Why Don’t Men Take Shared Parental Leave in our Business?

For International Men’s Day we asked Ian Dinwiddy, specialist fatherhood coach in our executive coach team, for his reflections on why men don’t take Shared Parental Leave. We also spoke to new father Phil Bush from Euromonitor who took a sabbatical to help support his partner’s return to work from maternity leave, instead of taking Shared Parental Leave. Here’s a snippet from our conversation with Phil on episode 75 of COMEBACK COACH.

Why do businesses who have a female attraction and retention issue need to focus on men?

A paper in Harvard Business Review reports men and women equally ambitious, but the drop-off is faster for women in organisations where gender diversity isn’t valued. 80% of men become fathers and if we encourage men to take Shared Parental Leave we start to see men in a very different way; we start to change what success looks like in the workplace.
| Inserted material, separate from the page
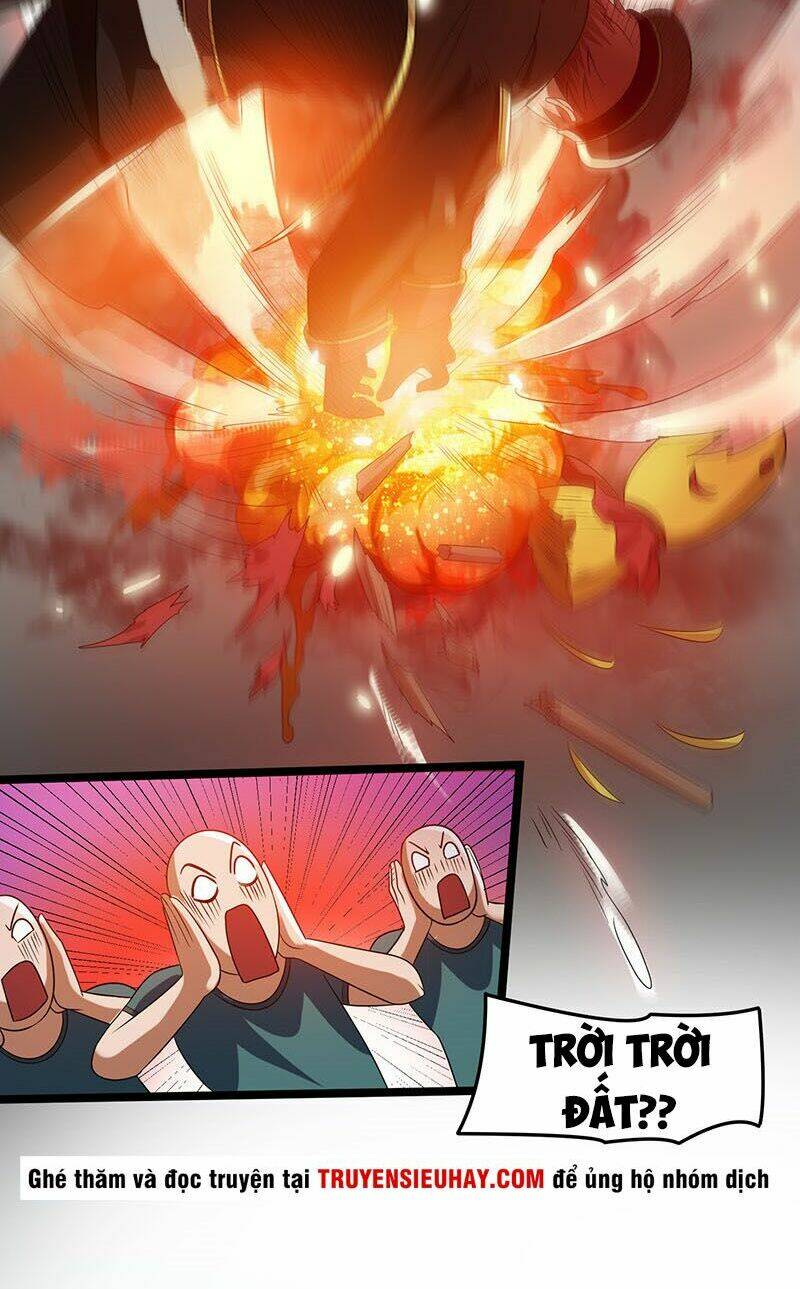 Tiên Vương Trùng Sinh: Chapter 25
Importantly, if employers can’t tell which individuals are going to take leave (women taking maternity or men taking Shared Parental Leave) we start to change the expectations and the culture within business. We make gender diversity and equality more likely.

Why don’t men take Shared Parental Leave in our business?

In a nutshell, men need their own protected period of leave, not a piece of their partner/spouse’s maternity leave. It needs to be well paid and men need to be actively encouraged to take it.

 

In 2017, two years after Shared Parental Leave was introduced to the UK with little success, coaching psychologist and founder of The Talent Keeper Specialists, Jessica Chivers, wrote on LinkedIn what employers need to do to encourage men to take it.

 

How to get men to take SPL in a nutshell

Ask expectant fathers to tell you they are an expectant father.

Jessica writes:

If employers really do want fathers to take-up SPL they need to start asking these employees to let them know that they are expecting (a voluntary “DADB1” form alongside the “MATB1” form women are given by the NHS to pass to their employers?). This is the start of cultural change and can be achieved through some simple internal comms, including stories of high profile men in the organisation or wider industry who have taken time out. This raises awareness of what SPL is, that it’s OK to take it and how it could be of benefit to the individual. Women returning from maternity leave are fresh, motivated and come with new perspectives and solutions to their organisation’s challenges – and with support they quickly return or exceed their previous peak performance. They’re assets and it’s about time we treated them as such and encouraged fathers to get in on the act too.

We can’t afford to extend our paternity leave offering, what else can I do to support our new dads?

 

How can line managers support new fathers in their team?

The main things:

  1. Show an interest.
  2. Make no assumptions.
  3. Know the daily pressure points for the father(s) in your team.